Problem statement: The response must contain every line below in which "word" appears.

------

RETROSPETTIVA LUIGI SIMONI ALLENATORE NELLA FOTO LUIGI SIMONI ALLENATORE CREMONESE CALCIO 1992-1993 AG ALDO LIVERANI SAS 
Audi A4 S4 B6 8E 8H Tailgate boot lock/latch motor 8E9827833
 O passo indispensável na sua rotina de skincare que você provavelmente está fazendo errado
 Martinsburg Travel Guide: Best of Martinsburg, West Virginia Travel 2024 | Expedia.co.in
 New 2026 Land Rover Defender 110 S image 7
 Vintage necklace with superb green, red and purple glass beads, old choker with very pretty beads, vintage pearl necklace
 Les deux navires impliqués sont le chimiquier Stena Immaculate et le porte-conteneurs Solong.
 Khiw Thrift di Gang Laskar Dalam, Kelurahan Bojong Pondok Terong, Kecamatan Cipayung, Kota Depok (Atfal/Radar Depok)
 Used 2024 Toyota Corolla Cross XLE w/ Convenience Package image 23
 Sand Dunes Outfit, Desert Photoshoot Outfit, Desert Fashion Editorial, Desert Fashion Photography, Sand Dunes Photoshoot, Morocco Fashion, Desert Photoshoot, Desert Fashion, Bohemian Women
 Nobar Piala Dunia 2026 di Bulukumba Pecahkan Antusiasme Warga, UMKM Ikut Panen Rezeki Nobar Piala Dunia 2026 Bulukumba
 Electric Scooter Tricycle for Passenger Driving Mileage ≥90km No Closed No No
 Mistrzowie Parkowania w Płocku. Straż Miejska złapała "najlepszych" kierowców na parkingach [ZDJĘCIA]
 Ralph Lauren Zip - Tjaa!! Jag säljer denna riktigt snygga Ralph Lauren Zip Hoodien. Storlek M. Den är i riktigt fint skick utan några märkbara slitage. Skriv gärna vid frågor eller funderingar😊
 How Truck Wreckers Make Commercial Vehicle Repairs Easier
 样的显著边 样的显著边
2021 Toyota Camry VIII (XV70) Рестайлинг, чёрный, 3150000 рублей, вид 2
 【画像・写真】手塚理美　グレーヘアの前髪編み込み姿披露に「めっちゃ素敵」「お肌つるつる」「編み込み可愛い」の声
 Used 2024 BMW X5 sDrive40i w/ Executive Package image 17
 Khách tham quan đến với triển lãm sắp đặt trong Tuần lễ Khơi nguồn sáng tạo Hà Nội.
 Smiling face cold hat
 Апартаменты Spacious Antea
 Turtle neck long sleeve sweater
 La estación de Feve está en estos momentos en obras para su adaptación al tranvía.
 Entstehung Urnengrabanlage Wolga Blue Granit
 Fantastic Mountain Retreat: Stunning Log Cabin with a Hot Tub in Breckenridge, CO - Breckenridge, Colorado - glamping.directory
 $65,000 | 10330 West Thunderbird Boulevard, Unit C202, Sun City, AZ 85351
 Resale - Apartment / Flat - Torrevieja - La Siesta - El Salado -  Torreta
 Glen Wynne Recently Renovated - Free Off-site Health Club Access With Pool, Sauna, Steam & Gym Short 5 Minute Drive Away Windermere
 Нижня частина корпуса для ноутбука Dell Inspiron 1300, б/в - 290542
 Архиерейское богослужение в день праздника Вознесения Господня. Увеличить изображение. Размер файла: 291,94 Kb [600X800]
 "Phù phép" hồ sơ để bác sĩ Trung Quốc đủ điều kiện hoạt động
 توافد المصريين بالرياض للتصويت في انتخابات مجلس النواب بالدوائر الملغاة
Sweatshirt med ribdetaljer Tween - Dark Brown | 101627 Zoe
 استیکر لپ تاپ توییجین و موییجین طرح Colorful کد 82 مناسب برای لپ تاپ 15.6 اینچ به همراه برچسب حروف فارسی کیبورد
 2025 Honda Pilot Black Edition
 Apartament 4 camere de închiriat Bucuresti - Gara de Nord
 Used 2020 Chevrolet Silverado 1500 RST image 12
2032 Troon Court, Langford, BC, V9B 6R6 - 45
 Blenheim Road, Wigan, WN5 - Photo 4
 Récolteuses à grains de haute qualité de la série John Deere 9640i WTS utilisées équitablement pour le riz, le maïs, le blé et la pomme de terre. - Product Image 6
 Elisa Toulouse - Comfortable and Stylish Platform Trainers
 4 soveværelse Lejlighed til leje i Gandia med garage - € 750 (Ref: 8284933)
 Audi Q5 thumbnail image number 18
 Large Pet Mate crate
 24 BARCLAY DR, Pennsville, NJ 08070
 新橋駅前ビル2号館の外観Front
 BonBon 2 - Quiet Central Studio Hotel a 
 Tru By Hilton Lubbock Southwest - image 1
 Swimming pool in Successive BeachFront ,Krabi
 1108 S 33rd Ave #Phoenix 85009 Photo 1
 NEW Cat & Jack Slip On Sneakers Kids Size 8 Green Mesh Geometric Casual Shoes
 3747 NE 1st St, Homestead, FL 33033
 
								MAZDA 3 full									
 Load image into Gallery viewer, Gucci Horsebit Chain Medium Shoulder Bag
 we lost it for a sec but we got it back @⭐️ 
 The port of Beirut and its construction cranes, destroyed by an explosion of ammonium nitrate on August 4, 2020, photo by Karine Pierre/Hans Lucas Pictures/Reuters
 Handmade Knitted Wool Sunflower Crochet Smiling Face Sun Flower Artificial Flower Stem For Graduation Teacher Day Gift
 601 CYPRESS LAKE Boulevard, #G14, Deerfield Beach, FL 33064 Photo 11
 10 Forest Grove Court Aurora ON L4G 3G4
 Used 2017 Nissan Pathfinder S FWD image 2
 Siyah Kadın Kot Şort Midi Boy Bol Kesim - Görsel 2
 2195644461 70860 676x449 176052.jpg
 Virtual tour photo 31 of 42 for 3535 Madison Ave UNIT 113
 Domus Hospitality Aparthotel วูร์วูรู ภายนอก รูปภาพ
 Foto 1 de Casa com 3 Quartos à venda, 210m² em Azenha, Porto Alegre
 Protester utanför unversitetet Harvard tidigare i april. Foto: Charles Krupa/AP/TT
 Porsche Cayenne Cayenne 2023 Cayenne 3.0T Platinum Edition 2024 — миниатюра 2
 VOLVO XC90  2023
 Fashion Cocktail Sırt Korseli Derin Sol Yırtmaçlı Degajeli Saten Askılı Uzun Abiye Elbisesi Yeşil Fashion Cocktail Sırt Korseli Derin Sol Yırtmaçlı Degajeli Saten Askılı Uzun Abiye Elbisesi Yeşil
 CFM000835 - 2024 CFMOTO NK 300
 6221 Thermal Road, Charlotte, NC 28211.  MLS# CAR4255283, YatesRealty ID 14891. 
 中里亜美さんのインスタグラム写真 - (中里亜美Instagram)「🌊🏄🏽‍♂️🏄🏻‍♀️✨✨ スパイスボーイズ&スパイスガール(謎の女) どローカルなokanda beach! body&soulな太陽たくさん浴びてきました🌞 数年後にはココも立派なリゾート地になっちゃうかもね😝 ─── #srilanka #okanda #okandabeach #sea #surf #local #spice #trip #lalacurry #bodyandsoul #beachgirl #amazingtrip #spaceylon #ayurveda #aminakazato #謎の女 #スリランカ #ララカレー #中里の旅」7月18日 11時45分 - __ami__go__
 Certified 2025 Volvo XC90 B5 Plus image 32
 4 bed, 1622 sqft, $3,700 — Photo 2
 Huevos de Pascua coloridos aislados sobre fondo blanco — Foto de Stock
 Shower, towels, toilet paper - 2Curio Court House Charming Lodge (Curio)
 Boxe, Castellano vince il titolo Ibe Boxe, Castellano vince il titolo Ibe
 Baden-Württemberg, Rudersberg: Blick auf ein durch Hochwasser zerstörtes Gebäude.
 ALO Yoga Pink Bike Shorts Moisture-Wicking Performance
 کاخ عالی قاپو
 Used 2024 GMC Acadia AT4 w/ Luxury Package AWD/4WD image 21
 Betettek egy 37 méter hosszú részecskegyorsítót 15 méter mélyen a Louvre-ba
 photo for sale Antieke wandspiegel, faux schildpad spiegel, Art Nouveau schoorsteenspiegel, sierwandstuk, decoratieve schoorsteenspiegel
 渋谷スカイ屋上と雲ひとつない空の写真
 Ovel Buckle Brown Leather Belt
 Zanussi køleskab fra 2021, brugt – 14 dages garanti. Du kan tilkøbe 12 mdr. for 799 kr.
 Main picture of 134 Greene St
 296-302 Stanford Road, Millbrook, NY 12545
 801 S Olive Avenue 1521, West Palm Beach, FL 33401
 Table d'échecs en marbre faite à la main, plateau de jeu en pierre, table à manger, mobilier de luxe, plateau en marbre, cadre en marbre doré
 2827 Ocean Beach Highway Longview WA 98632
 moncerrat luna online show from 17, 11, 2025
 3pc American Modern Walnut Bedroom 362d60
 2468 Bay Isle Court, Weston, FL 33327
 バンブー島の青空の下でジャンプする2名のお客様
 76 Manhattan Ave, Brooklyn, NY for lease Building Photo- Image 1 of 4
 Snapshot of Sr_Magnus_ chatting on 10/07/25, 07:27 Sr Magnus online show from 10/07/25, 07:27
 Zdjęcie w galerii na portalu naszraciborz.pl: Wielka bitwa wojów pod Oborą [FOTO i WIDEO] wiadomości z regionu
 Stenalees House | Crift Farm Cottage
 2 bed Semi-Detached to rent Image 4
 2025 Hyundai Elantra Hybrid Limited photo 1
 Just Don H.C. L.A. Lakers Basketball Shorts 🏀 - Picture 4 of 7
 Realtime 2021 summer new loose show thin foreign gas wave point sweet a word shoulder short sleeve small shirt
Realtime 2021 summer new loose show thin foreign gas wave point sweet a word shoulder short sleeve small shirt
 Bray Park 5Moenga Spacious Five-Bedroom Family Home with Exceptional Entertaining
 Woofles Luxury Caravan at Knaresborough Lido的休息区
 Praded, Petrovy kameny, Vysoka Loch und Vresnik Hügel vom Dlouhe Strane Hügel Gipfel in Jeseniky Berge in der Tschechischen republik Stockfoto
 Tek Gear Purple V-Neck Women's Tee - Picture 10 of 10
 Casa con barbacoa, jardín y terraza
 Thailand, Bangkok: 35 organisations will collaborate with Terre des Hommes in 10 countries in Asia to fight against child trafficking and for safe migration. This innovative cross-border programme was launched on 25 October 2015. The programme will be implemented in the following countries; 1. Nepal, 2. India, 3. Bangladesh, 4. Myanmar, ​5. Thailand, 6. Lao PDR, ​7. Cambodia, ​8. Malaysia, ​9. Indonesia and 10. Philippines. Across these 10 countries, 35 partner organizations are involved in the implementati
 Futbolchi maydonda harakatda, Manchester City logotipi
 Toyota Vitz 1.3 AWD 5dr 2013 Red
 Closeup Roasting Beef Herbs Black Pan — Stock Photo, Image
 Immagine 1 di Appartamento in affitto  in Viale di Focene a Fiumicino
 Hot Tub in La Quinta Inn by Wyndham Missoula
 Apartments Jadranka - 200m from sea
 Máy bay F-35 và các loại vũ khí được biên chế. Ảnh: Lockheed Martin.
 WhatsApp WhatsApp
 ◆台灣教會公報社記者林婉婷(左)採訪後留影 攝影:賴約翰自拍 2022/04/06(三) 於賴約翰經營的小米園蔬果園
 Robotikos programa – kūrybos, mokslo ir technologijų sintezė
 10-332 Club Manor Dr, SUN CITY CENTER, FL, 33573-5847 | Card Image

------

Your response:
 Realtime 2021 summer new loose show thin foreign gas wave point sweet a word shoulder short sleeve small shirt
Realtime 2021 summer new loose show thin foreign gas wave point sweet a word shoulder short sleeve small shirt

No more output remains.